Editor's Note: Welcome to the Leadership In Test series from software testing guru & consultant Paul Gerrard. The series is designed to help testers with a few years of experience—especially those on agile teams—excel in their test lead and management roles.
In the previous article, we looked at the changing role of testers and how to foster better collaboration with your colleagues. In this article, we’ll get into the nuts and bolts of testing a web application’s performance, reliability, and manageability. AKA service testing.
Sign up to The QA Lead newsletter to get notified when new parts of the series go live. These posts are extracts from Paul’s Leadership In Test course which we highly recommend to get a deeper dive on this and other topics. If you do, use our exclusive coupon code QALEADOFFER to score $60 off the full course price!
Hello and welcome to another chapter in the Leadership In Test series. This week we’re looking at service testing for web applications. We will cover:
- What Is Service Testing?
- What Is Performance Testing?
- Reliability/Failover Testing
- Service Management Testing
Let’s begin.
What Is Service Testing?
The quality of service that a web application provides could be defined to include all its attributes such as functionality, performance, reliability, usability, security and so on.
However, for our purposes here, we are separating out three particular service objectives that come under the scrutiny of what we will call ‘service testing’. These objectives are:
- Performance: the service must be responsive to users while supporting the loads imposed upon it.
- Reliability: if designed to be resilient to failure, the service must be reliable and/or continue to provide a service even when a failure occurs.
- Manageability: the service must be capable of being managed, configured or changed without a degradation of service being noticeable to end users. Manageability, or operations testing, aims to demonstrate that system administrative, management, and backup and recovery procedures operate effectively.
In all three cases, we need to simulate user load to conduct the tests effectively. Performance, reliability, and manageability objectives exist in the context of live customers using the site to do business.
The responsiveness (in this instance, the time it takes for one system node to respond to the request of another) of a site is directly related to the resources available within the technical architecture.

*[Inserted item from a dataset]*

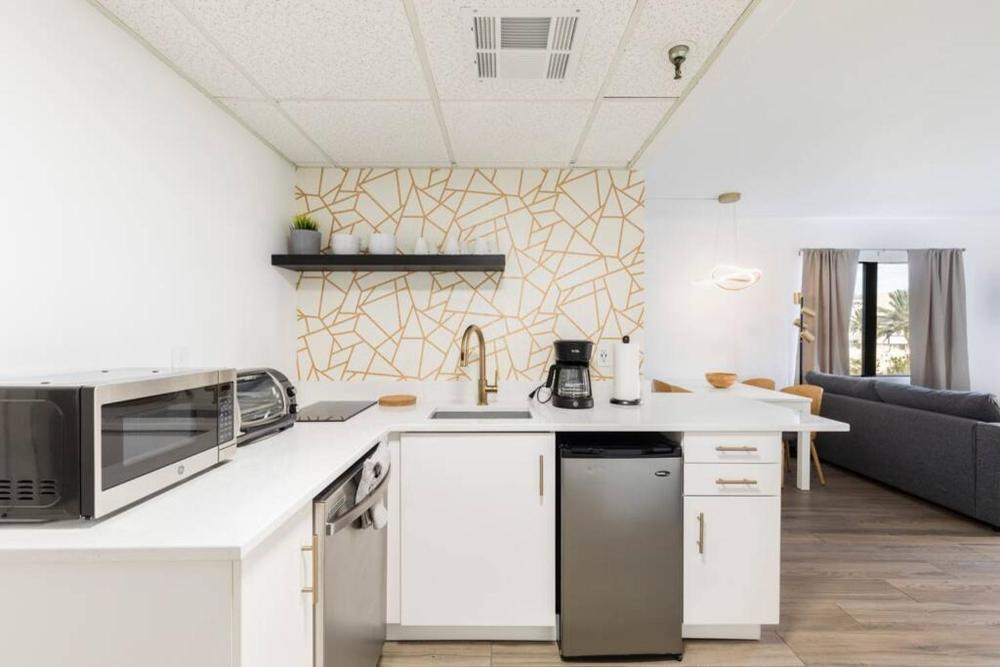 Modern Studio on I-Drive: parking + pool included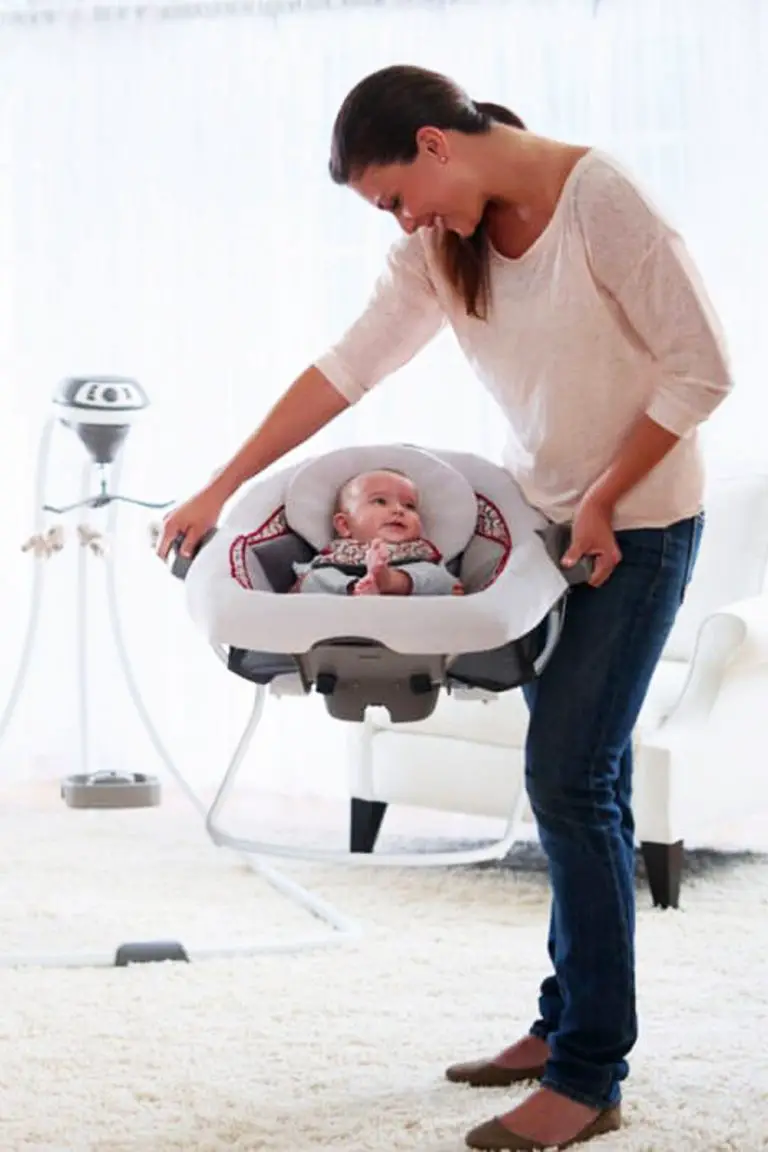 How to put a one month old newborn baby to sleep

As more customers use the service, fewer technical resources are available to service each user’s requests and response times will degrade.
Obviously, a service that is lightly loaded is less likely to fail. Much of the complexity of software and hardware exists to accommodate the demands for resources within the technical architecture when a site is heavily loaded.
When a site is loaded (or overloaded), the conflicting requests for resources must be managed by various infrastructure components such as server and network operating systems, database management systems, web server products, object request brokers, middleware and so on.
These infrastructure components are usually more reliable than the custom-built application code that demands the resource, but failures can occur in either:
- Infrastructure components fail because application code (through poor design or implementation) imposes excessive demands on resources.
- The application components may fail because the resources they require may not always be available (in time).
By simulating typical and unusual production loads over an extended period, testers can expose flaws in the design or implementation of the system. When these flaws are resolved, the same tests will demonstrate the system to be resilient. QAs can take advantage of load testing tools to execute many of the processes defined below.
On all services, there are usually a number of critical management processes that have to be performed to keep the service running smoothly. It might be possible to shut down a service to do routine maintenance outside normal working hours, but most online services operate 24 hours a day.
The working day of the service never ends. Inevitably, management procedures must be performed while the service is live and users are on the system. These procedures need to be tested while there is a load on the system to ensure they do not adversely impact the live service aka performance testing.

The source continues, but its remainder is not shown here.